# First Blue Ribbon!



## bob_barker (Dec 31, 2013)

Wile E and I went to our first Agility Fun Match today and got his first Blue Ribbon!! 

So proud of my boy! 
So many complements on how we work together and does nothing but make me smile.
Looking forward to 2016 with my boy!


----------



## dogfaeries (Feb 22, 2010)

Nice!!!


----------



## Liulfr (Nov 10, 2015)

Congratulations!!


----------



## bob_barker (Dec 31, 2013)

Thank you ?


----------



## dogma13 (Mar 8, 2014)

Congrats!!


----------



## CindyMDBecker (Feb 22, 2013)

YAY to you both!


----------



## MythicMut (May 22, 2015)

Congratulations!


----------



## selzer (May 7, 2005)

Awesome!
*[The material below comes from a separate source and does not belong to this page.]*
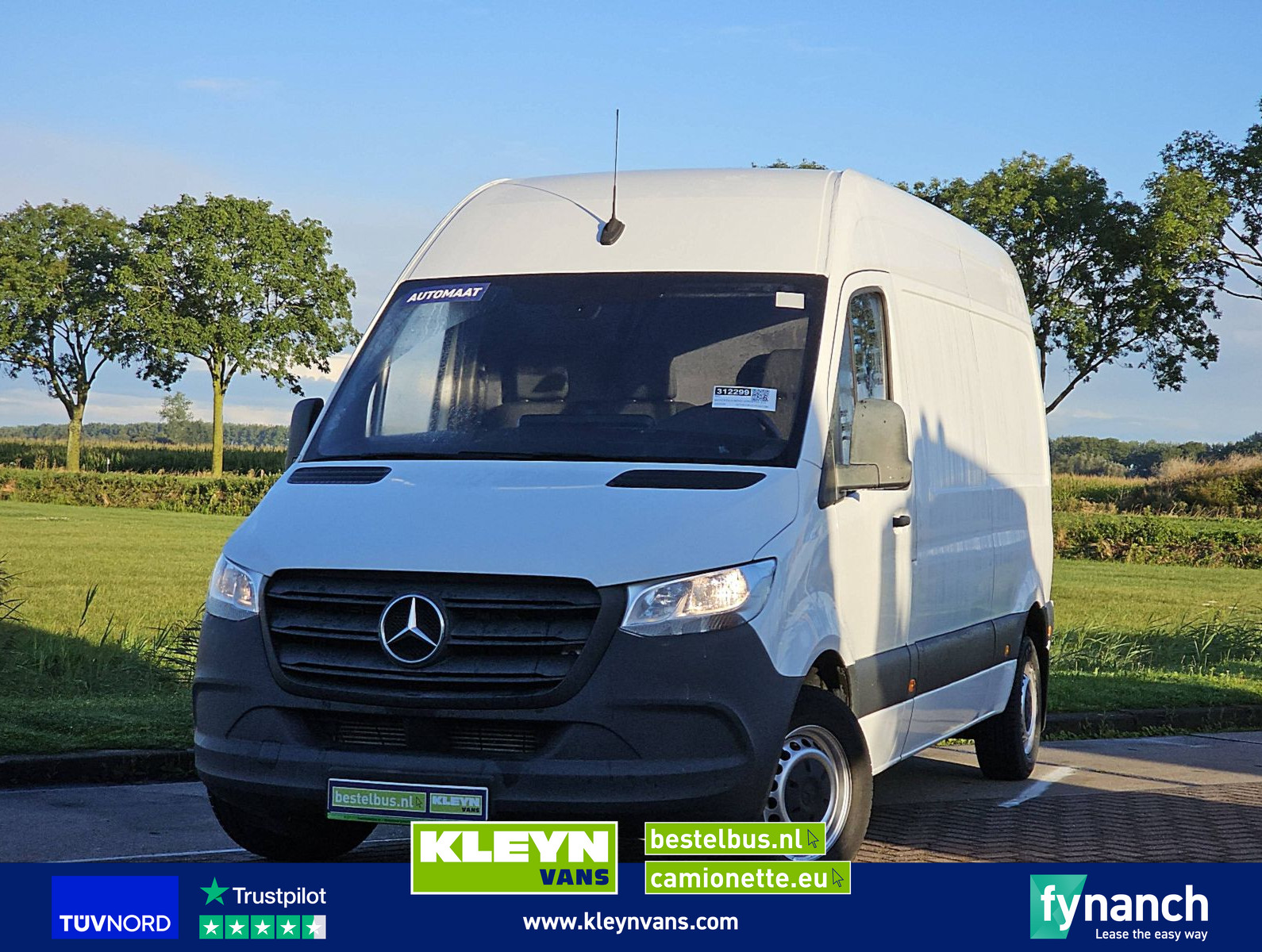 Mercedes-Benz Sprinter 314 l2h2 mbux automaat!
Congratulations!


----------



## bob_barker (Dec 31, 2013)

Thanks guys !!


----------



## flanatee (Apr 20, 2016)

Congrats! That's great!


----------



## eugenepi1025 (Apr 14, 2016)

wow congratulations!


----------



## wildo (Jul 27, 2006)

Hey- way to go, Candice! Of course: video or it didn't happen... >


----------



## sebrench (Dec 2, 2014)

Good job! Congratulations!


----------